About this task: Please repeat the records beneath this task exactly as they appear, but skip the images.

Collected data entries
__________________________________________________

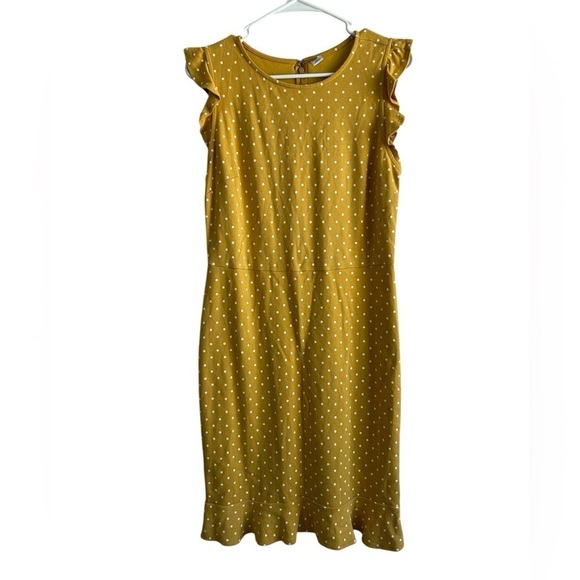 Old Navy Dresses & Skirts - Old Navy Dress MustardYellow Polka Dot Flutter Sleeve Ruffle Hem • Used • Medium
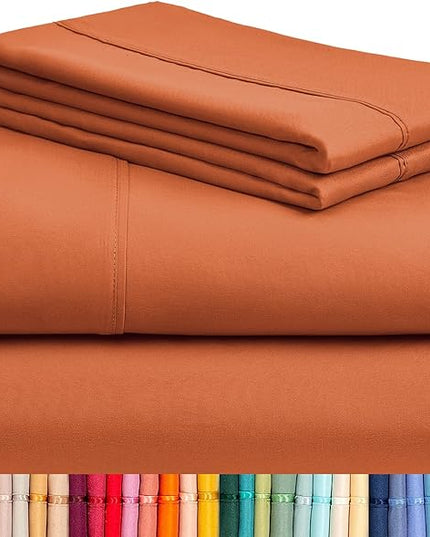 LuxClub 4 PC Sheet Sheets Deep Pockets 18" Eco Friendly Wrinkle Free-Kids-Fitted Sheets Machine Washable Hotel Bedding Silky Soft - Autumn Orange Twin - LeafyLoom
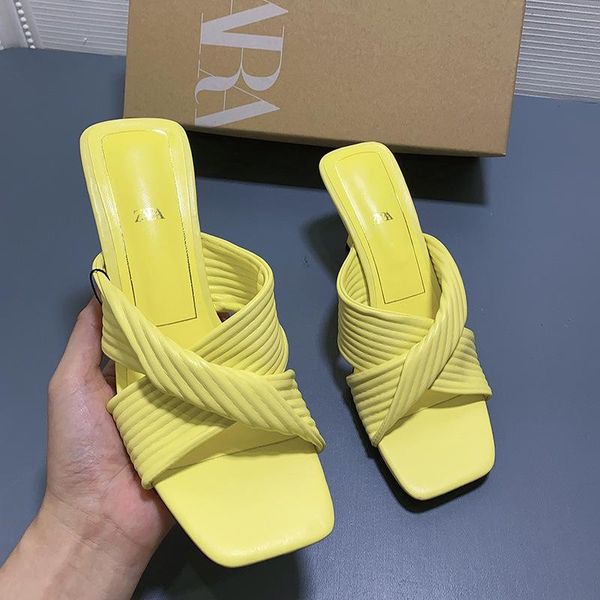 

slippers women summer yellow pleated pull strap high-heeled sandals cross open toe square head temperament, Black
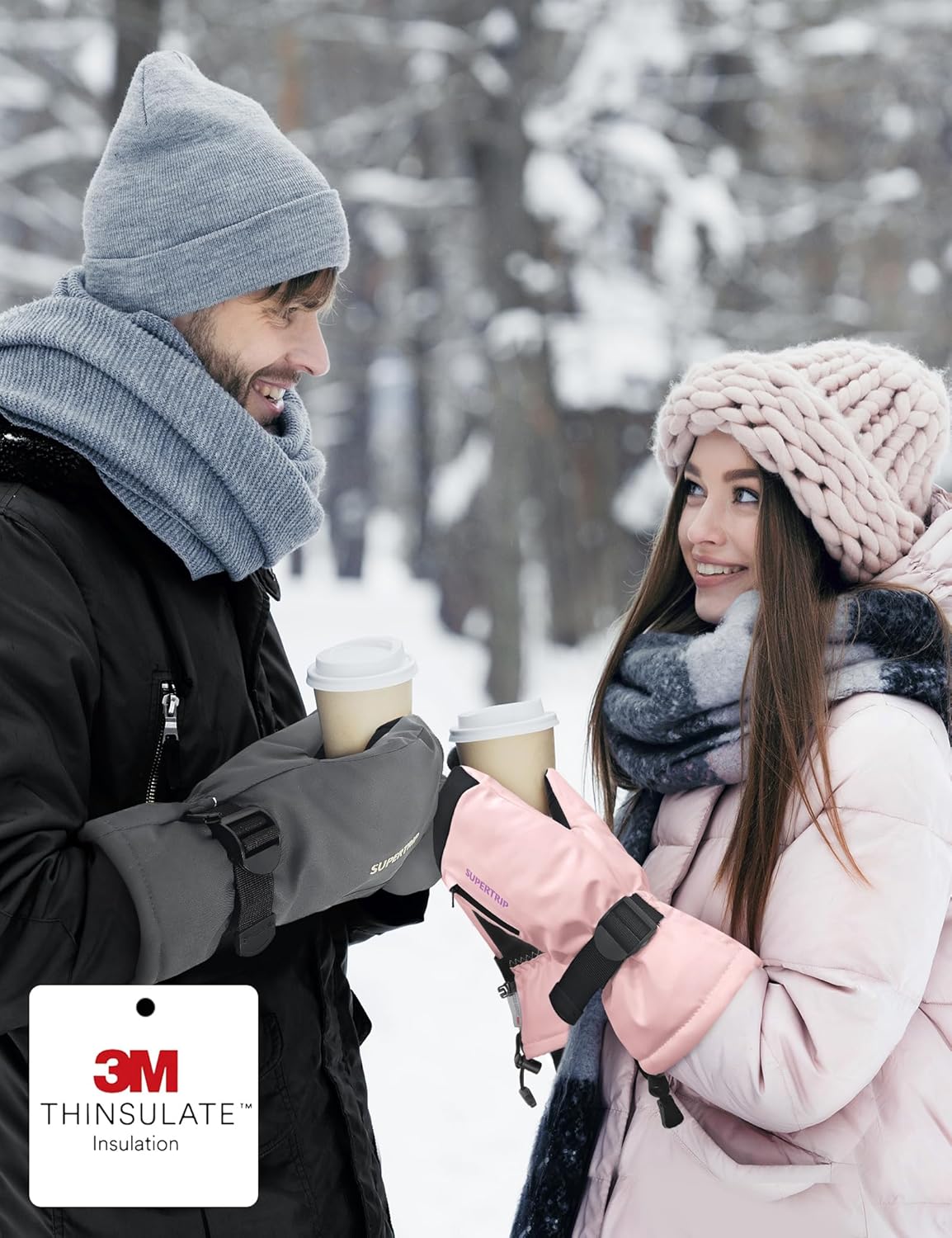 Supertrip Ski Mittens Men Women, Waterproof Snowboard Mittens Gloves Touch-Screen Anti-Slip Snow Mitts 3M Thinsulate, Warm Insulated in Cold Weather Winter - Image 5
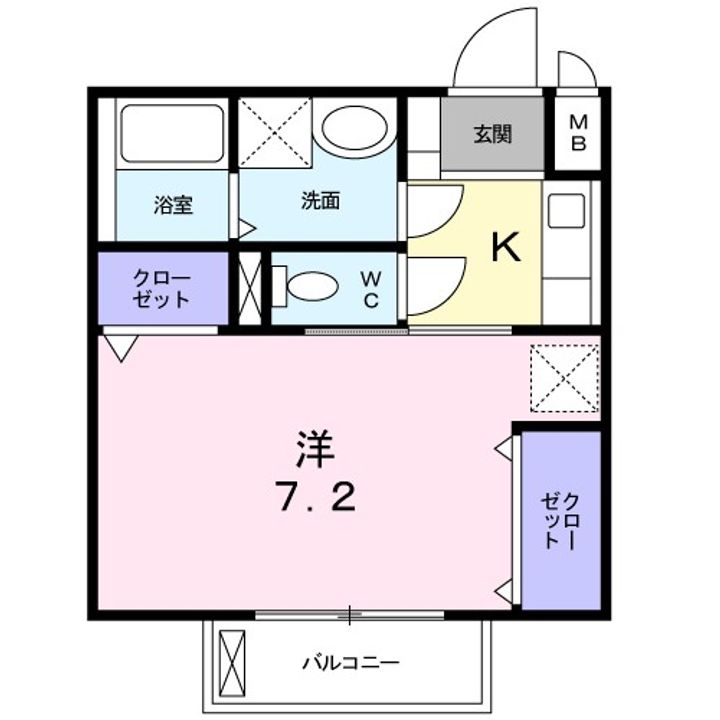 神奈川県伊勢原市伊勢原2(アパート)の賃貸物件の間取り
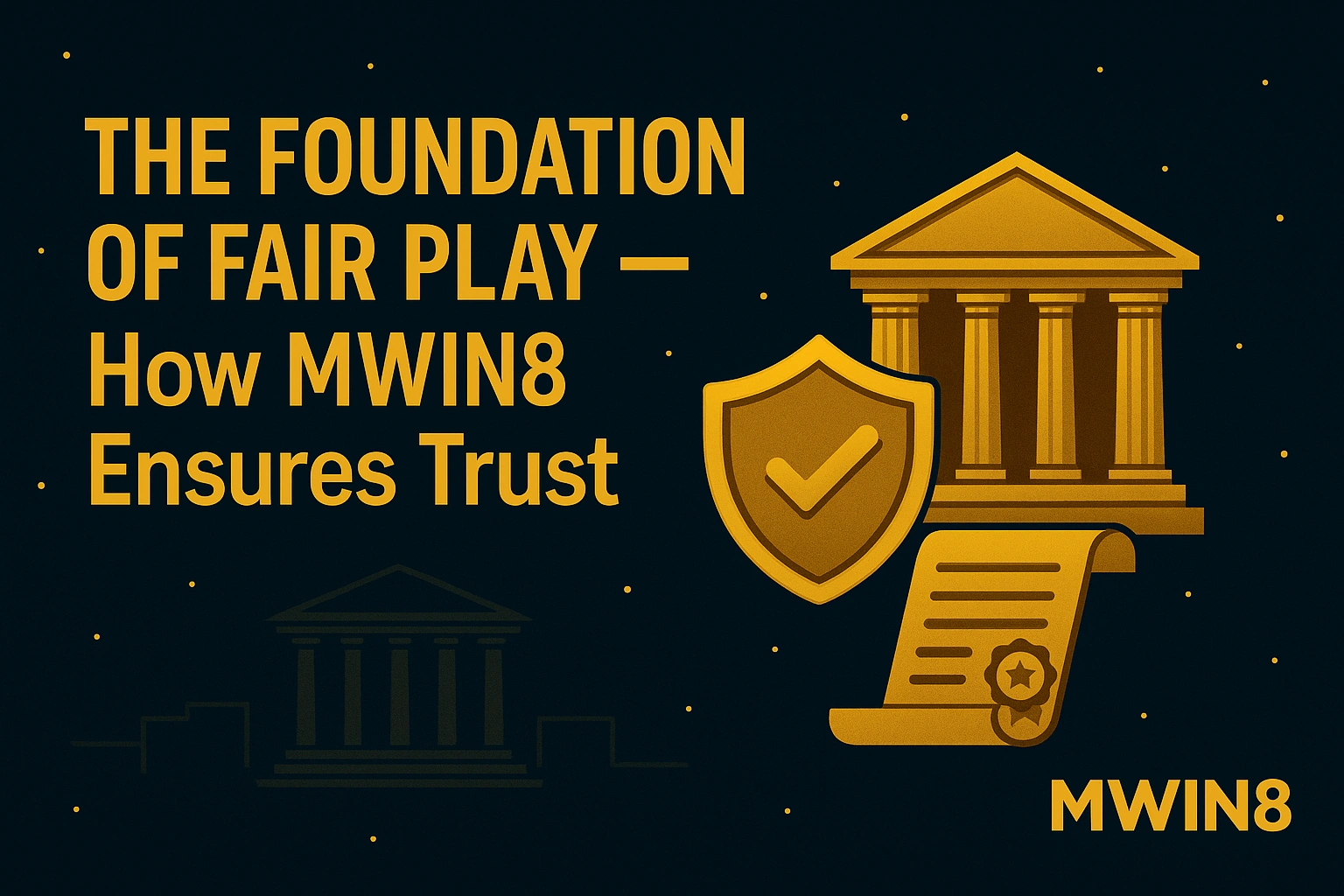 Fair play foundation banner with shield, courthouse pillars, and certified document icon.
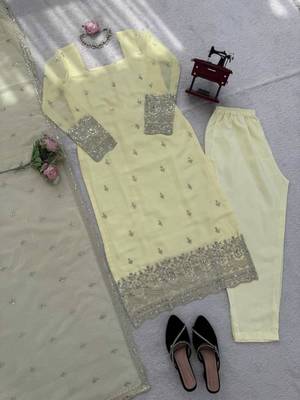 Light-yellow georgette thread embroidery kurta set 4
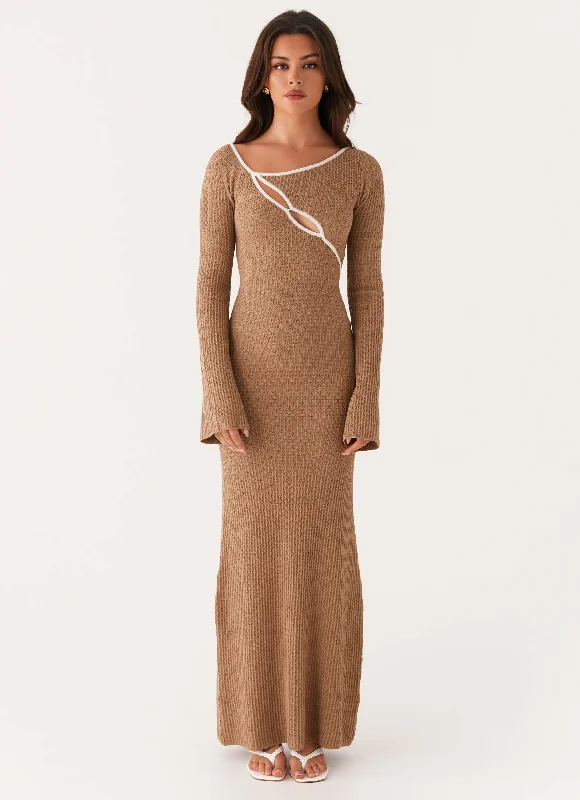 Maxi dress with wild prints-Hilary Crochet Maxi Dress - Tan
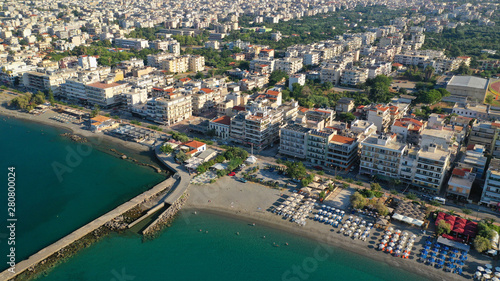 Aerial drone photo of famous seaside town and port of Kalamata  South Peloponnese  Greece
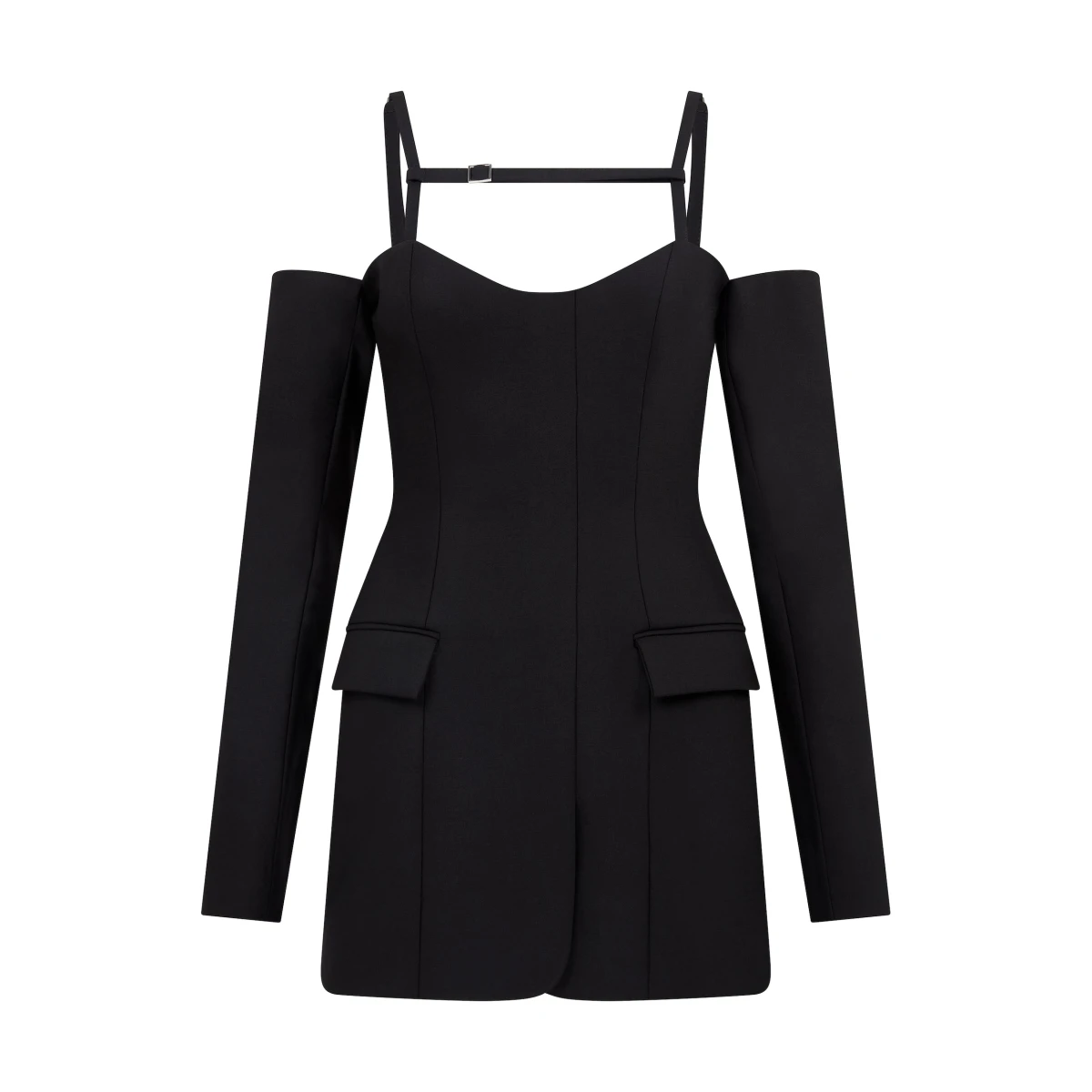 David Koma Open Shoulder Long Sleeve Mini Dress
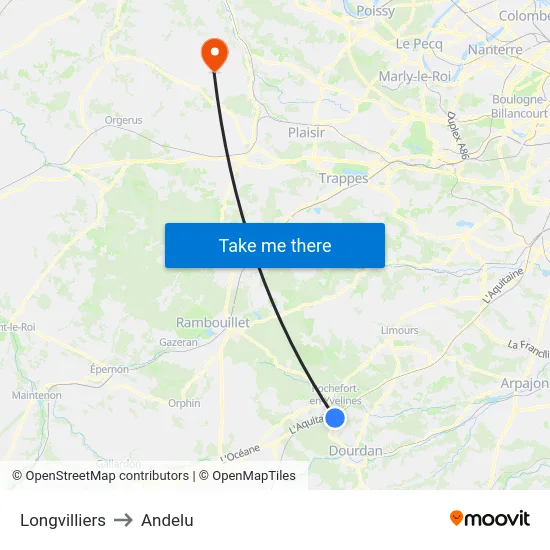 Longvilliers to Andelu map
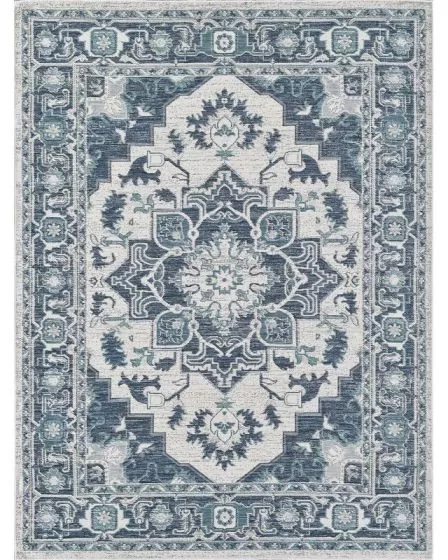 Dahlia 1401 Ivory/Blue Medallion Area Rug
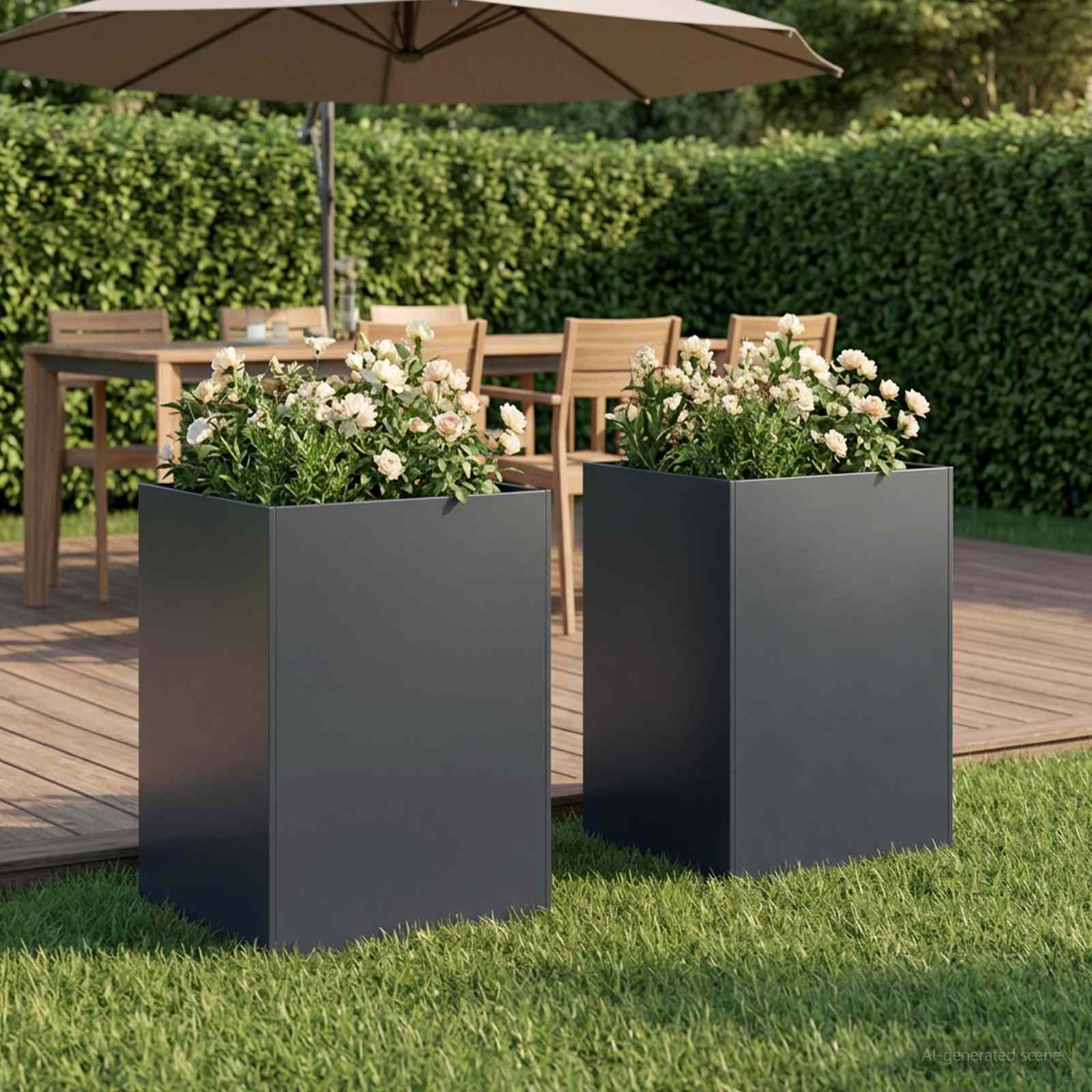 Garden Planter 2 pcs Anthracite 40 x 40 x 75 cm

__________________________________________________

Finished task:
 Old Navy Dresses & Skirts - Old Navy Dress MustardYellow Polka Dot Flutter Sleeve Ruffle Hem • Used • Medium
 LuxClub 4 PC Sheet Sheets Deep Pockets 18" Eco Friendly Wrinkle Free-Kids-Fitted Sheets Machine Washable Hotel Bedding Silky Soft - Autumn Orange Twin - LeafyLoom

slippers women summer yellow pleated pull strap high-heeled sandals cross open toe square head temperament, Black
 Supertrip Ski Mittens Men Women, Waterproof Snowboard Mittens Gloves Touch-Screen Anti-Slip Snow Mitts 3M Thinsulate, Warm Insulated in Cold Weather Winter - Image 5
 神奈川県伊勢原市伊勢原2(アパート)の賃貸物件の間取り
 Fair play foundation banner with shield, courthouse pillars, and certified document icon.
 Light-yellow georgette thread embroidery kurta set 4
 Maxi dress with wild prints-Hilary Crochet Maxi Dress - Tan
 Aerial drone photo of famous seaside town and port of Kalamata  South Peloponnese  Greece
 David Koma Open Shoulder Long Sleeve Mini Dress
 Longvilliers to Andelu map
 Dahlia 1401 Ivory/Blue Medallion Area Rug
 Garden Planter 2 pcs Anthracite 40 x 40 x 75 cm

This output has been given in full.